How to insert a new column in a huge MYSQL Database Table? - mysql

I have this table in MYSQL databse which has about 10 million records/rows. I want to insert a new column in the table. However a simple insert column query doesn't seem to work well for me.
This is what I have tried,
ALTER TABLE contacts ADD processed INT(11);
I waited for about 5 hours, but nothing happened. Is there any way to insert a new column in such a huge table?
Hope I am clear with my question. Any help would be appreciated.

If it's production:
You should use pt-online-schema-change of Percona Toolkit.
pt-online-schema-change emulates the way that MySQL alters tables internally, but it works on a copy of the table you wish to alter. This means that the original table is not locked, and clients may continue to read and change data in it.
pt-online-schema-change works by creating an empty copy of the table to alter, modifying it as desired, and then copying rows from the original table into the new table. When the copy is complete, it moves away the original table and replaces it with the new one. By default, it also drops the original table.
Or oak-online-alter-table which is part of openark kit
oak-online-alter-table allows for non blocking ALTER TABLE operations, table rebuilds and creating a table's ghost.
Altering tables will be slower, but it doesn't lock tables.
If it's not production and downtime is okay, try this approach:
CREATE TABLE contacts_tmp LIKE contacts;
ALTER TABLE contacts_tmp ADD COLUMN ADD processed INT UNSIGNED NOT NULL;
INSERT INTO contacts_tmp (contact_table_fields) SELECT * FROM contacts;
RENAME TABLE contacts_tmp TO contacts, contacts TO contacts_old;
DROP TABLE contacts_old;

Related

What is the best and safest method to update/change the data type of a column in a MySQL table that has ~5.5 million rows (TINYINT to SMALLINT)?

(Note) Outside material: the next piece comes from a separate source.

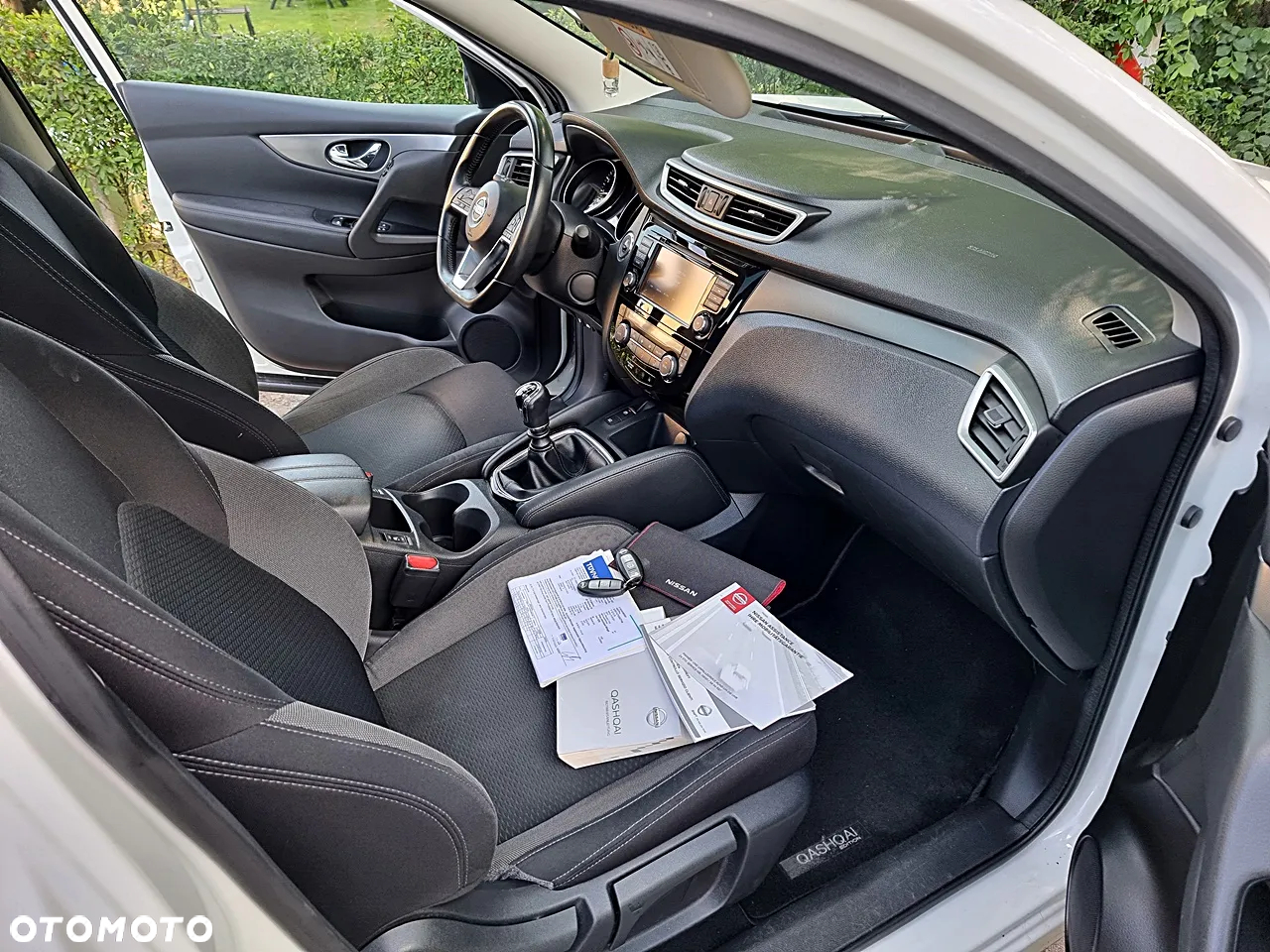 Nissan Qashqai - 23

Similar questions have been asked, but I have had issues in the past by using
ALTER TABLE tablename MODIFY columnname SMALLINT
I had a server crash and had to recover my table when I ran this the last time. Is it safe to use this command when there is that much data in the table? What if there are other queries that may be running on the table in parallel? Should I copy the table and run the query on the new table? Should I copy the column and move the data to the new column?
Please let me know if there are any best or "safest" practices when doing this.
Also, I know this depends on a lot of factors, but does anyone know how long the query should take on an InnoDB table with ~5.5 million rows (rough estimate)? The column in question is a TINYINT and has data in it. I want to upgrade to a SMALLINT to handle larger values.
Thanks!
On a slow disk, and with lots of columns in the table, it could take hours to finish.
The ALTER is "safe" because it used to do the following:
Lock the table
Create a similar table, but with SMALLINT instead of TINYINT.
Copy all the rows over to the new table.
Rename the tables and drop the old one.
Unlock
Step 3 is the slow part. The only vulnerability is in step 4, which is very fast.
A server crash during steps 1-3 should have left the old table intact, but possibly left behind a partially created tmp table named something like #sql....
Percona's pt-online-schema-change has the advantage of being virtually lockless.
This cannot be easily answered.
It depends on things like
Has the table its own file, or is it shared with others?
How big is the table in terms of bytes?
etc.
It can last from some minutes to, indeed, some hours and can involve copying over the whole content of the table, so you have quite big needs of disk space.
You can add a new SMALLINT column to the table:
ALTER TABLE tablename ADD columnname_new SMALLINT AFTER columnname;
then copy the data from old column to new one:
UPDATE tablename SET columnname_new = columnname WHERE columnname_new IS NULL LIMIT 100000
repeat above until all records done
then you can drop old column:
ALTER TABLE tablename DROP COLUMN columnname
and finally rename new column:
ALTER TABLE tablename CHANGE columnname_new columnname SMALLINT
you could do the copy of values from old column to new column in batch of 100000 rows, just to be sure not to have any issue
I would add a new column, change the code to check if a value exists in the new column and to read/write it if it does. Also change the code to read from the old column and write to the new column. At this point you can migrate the data at will, copying over values from the old column into the new column where a value does not exist in the new column.
Once all of the data has been migrated you can drop the old column.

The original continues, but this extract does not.